Naruto tertegun sejenak. Baru kali ini ia mendengar kisah lain dari geisha. Yang ia ketahui dari sang ayah angkat, geisha selalu berkaitan dengan hal-hal yang menyerempet ecchi atau hentai. Mereka akan menjual diri mereka demi uang.
Sang pemuda bersurai serupa matahari tidak menimpali. Menutup percakapan singkatnya dengan pemuda di sisi kiri. Perhatiannya kembali terfokus pada sosok Lavender. Beberapa pemuda tampak memberikan uang kepadanya.
"Manis," puji sang pemuda pirang.
"MINGGIR KALIAN!" Suara gaduh tiba-tiba terdengar dari arah kerumunan penduduk desa.
Beberapa pria bertubuh besar dengan otot di lengan mereka membuat penduduk lain merapat ke kios-kios. Membuka jalan untuk mereka lewati. Beberapa di antaranya menggenggam botol sake di tangan mereka, menandakan bahwa mereka berada di bawah pengaruh candu alkohol.
"LAVENDER!"
Salah seorang pria dari gerombolan pria besar melangkah maju menghampiri Lavender yang seketika itu berada sendirian di tengah jalan karena pemuda yang lain melindungi diri mereka masing-masing dengan menjauh dari sosok sang gadis termasuk pemain seruling dan koto yang menemani pertunjukkan Lavender.
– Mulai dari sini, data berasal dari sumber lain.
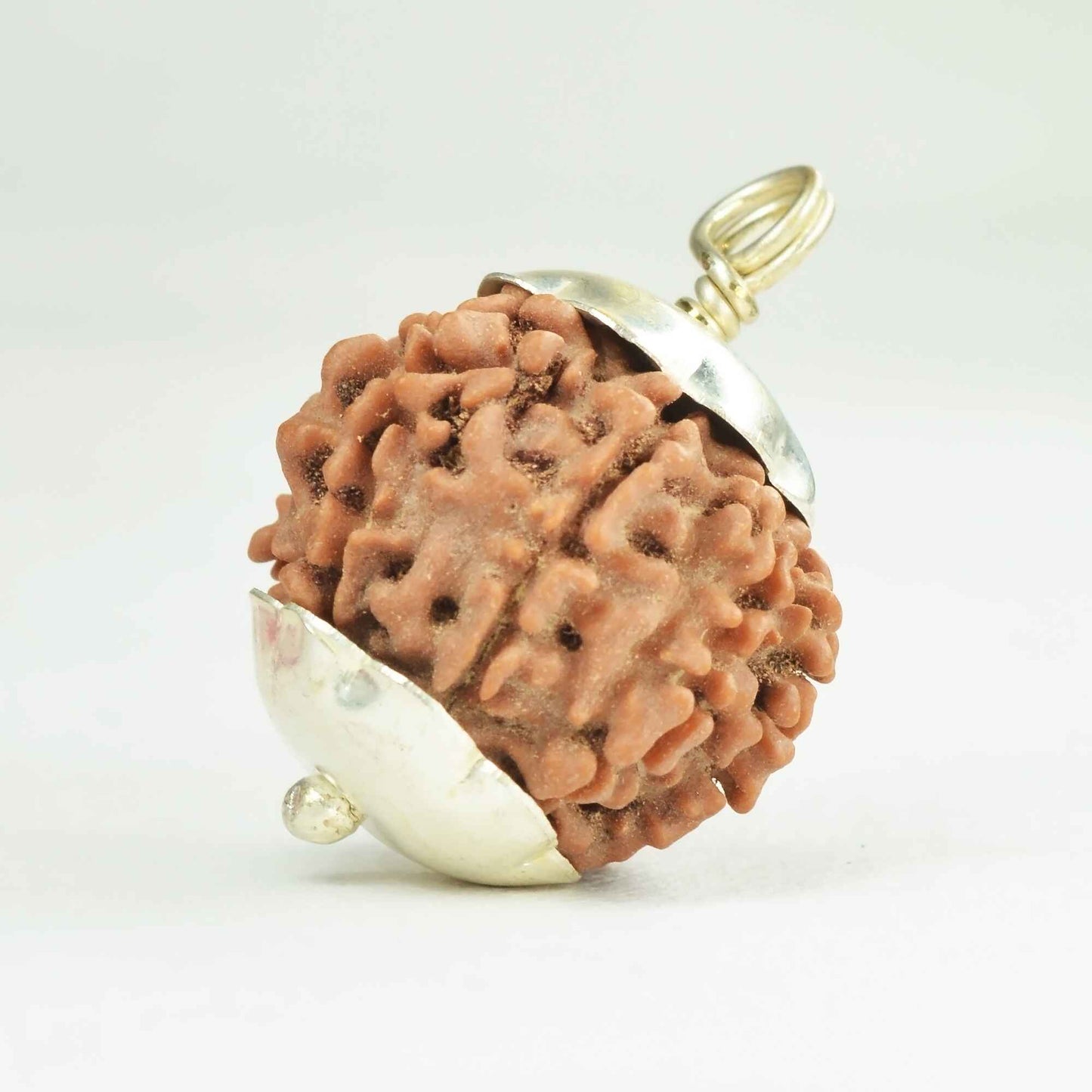 9 Mukhi Rudraksha Dana (Nepali)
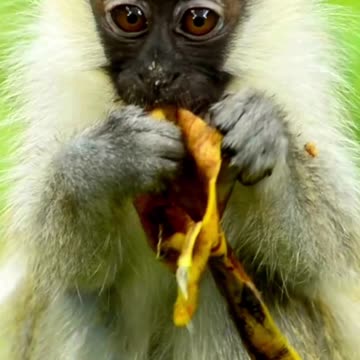 Bananas Make This Baby Monkey "Peel" Good! 🐒🍌 | Sounds of Nature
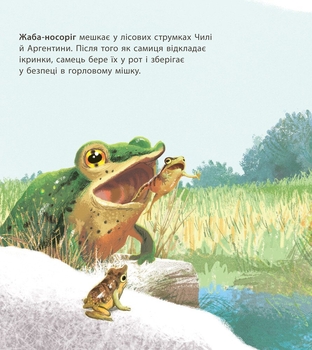 Книга Ранок Дивовижні дитинчата тварин - Кріс Пакхем (С884001У) - Pampik - 6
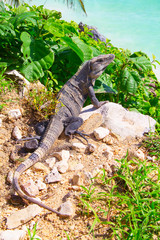 Iguana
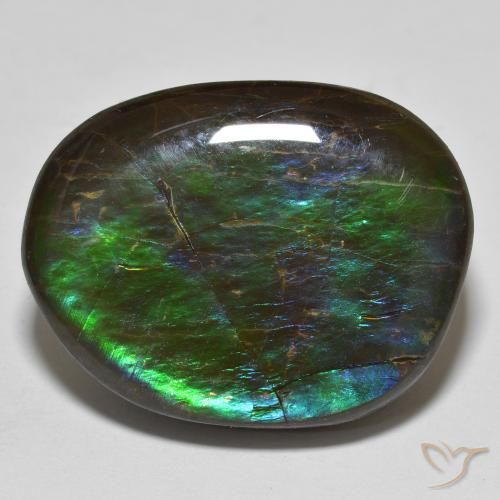 Loose Ammolite Gemstones for Sale - In Stock and ready to Ship | GemSelect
"A-apa yang Anda inginkan, Tuan Bee?"
SET ….
Tangan tan besar milik sang pria menarik dagu Lavender dengan kasar. Membuat sang geisha menyernyitkan dahi.
"Kau semakin cantik saja dari hari ke hari. Aku penasaran dengan wajahmu tanpa riasan tebal itu."
Jemari mungil milik Lavender mencoba untuk melepaskan tangan pria besar bernama Bee itu tapi gagal.
"T-tuan, tolong lepaskan saya."
"Lepaskan?" Seringaian terpampang di wajah sang pria. "Tidak akan."
Satu tangan Bee yang bebas setelah ia membuang botol sake-nya ke sembarang tempat mulai menyentuh punggung Lavender, menjelajah di sekitar sana.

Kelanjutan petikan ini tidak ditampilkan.